*** SUPPLIED INFORMATION ***

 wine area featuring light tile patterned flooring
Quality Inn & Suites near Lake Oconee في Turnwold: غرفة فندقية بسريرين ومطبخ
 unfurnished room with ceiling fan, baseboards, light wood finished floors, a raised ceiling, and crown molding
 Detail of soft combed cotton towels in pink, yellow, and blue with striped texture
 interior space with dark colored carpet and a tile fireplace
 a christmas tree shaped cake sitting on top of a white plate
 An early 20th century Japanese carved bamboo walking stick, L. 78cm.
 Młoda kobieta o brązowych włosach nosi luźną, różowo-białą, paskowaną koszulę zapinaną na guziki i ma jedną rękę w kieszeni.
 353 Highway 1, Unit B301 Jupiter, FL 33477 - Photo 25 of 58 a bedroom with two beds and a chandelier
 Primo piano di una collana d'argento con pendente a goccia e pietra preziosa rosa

*** End of SUPPLIED INFORMATION ***
*** SUPPLIED INFORMATION ***

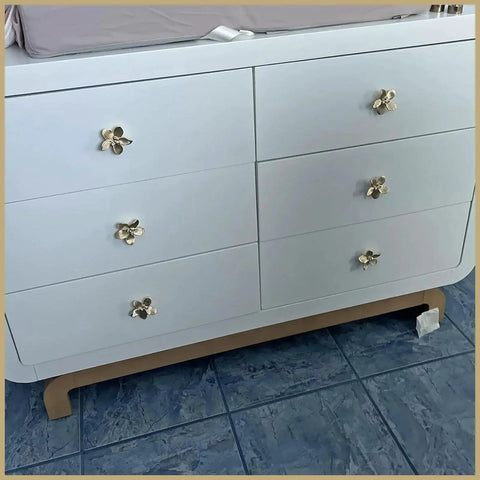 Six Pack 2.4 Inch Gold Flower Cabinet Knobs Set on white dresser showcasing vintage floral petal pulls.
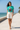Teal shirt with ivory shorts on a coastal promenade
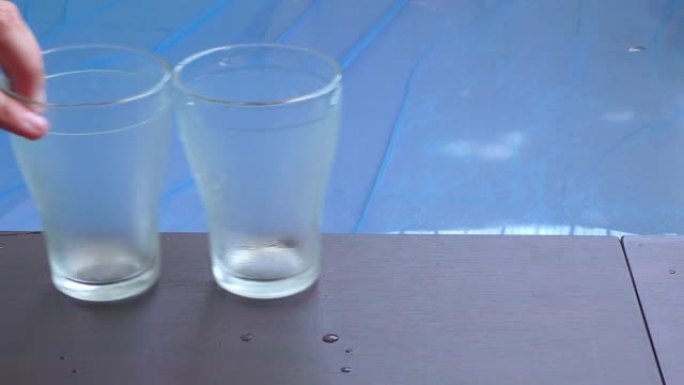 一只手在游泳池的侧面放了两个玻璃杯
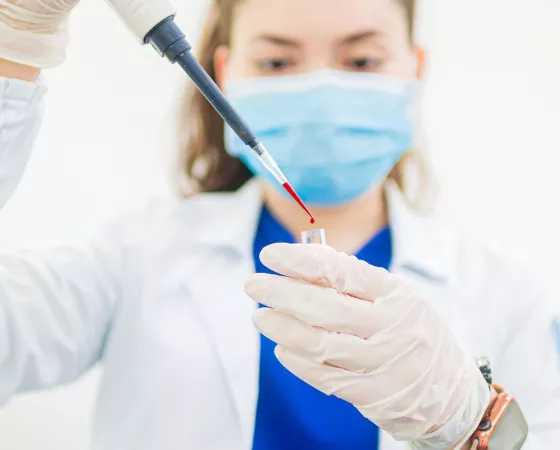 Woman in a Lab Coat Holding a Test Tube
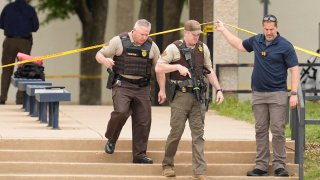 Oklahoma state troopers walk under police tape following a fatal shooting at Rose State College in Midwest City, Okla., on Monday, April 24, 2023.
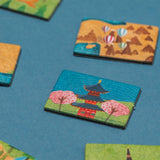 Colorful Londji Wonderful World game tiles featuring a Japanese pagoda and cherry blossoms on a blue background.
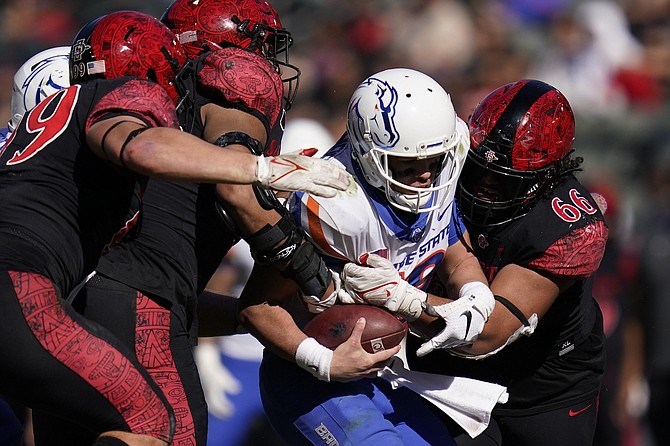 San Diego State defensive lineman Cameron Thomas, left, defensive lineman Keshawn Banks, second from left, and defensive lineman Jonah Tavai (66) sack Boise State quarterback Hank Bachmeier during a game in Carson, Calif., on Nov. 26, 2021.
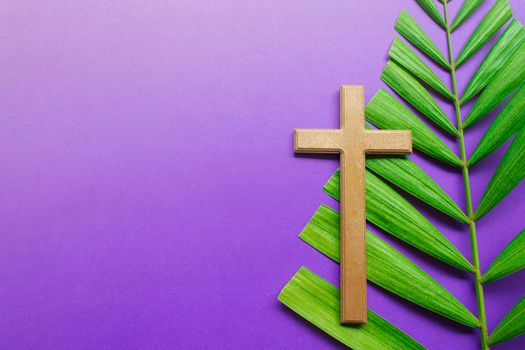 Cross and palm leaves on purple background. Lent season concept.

*** End of SUPPLIED INFORMATION ***
*** SUPPLIED INFORMATION ***

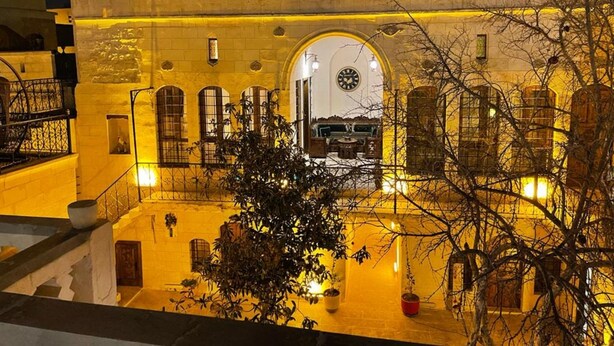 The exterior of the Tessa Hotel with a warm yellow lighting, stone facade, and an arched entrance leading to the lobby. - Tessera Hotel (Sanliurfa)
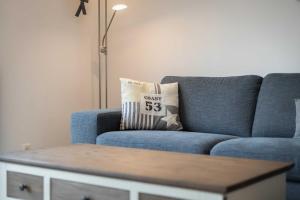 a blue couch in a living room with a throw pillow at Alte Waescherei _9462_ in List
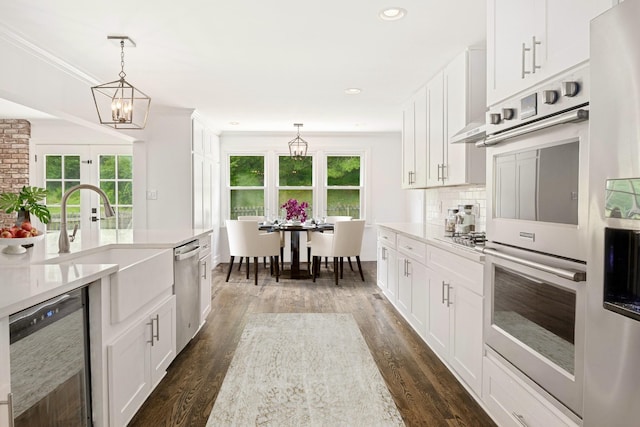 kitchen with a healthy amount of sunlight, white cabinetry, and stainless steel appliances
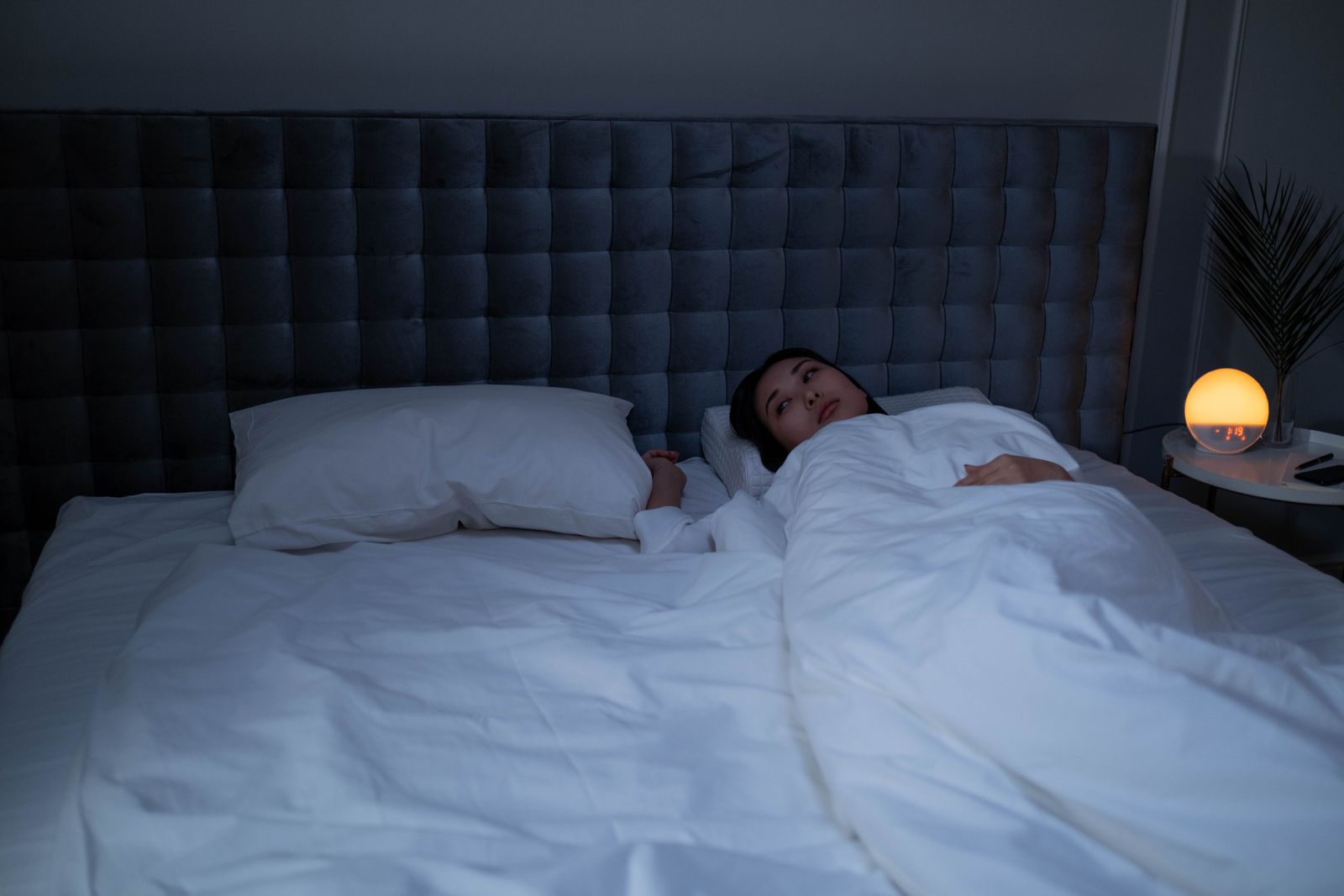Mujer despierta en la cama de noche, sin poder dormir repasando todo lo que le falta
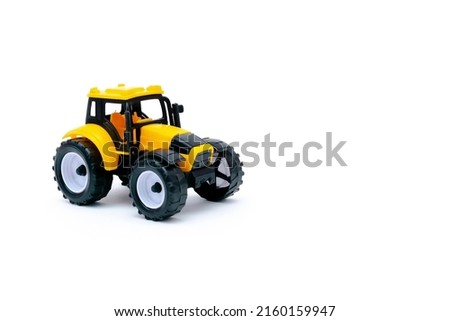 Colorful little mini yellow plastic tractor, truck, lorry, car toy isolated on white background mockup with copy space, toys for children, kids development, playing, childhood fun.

*** End of SUPPLIED INFORMATION ***

**WHAT NEEDS TO BE DONE**
Within the material above, copy exactly the lines from the line that holds "a christmas tree" up to and including the line that holds "Primo piano di".

**SOLUTION BELOW**
 a christmas tree shaped cake sitting on top of a white plate
 An early 20th century Japanese carved bamboo walking stick, L. 78cm.
 Młoda kobieta o brązowych włosach nosi luźną, różowo-białą, paskowaną koszulę zapinaną na guziki i ma jedną rękę w kieszeni.
 353 Highway 1, Unit B301 Jupiter, FL 33477 - Photo 25 of 58 a bedroom with two beds and a chandelier
 Primo piano di una collana d'argento con pendente a goccia e pietra preziosa rosa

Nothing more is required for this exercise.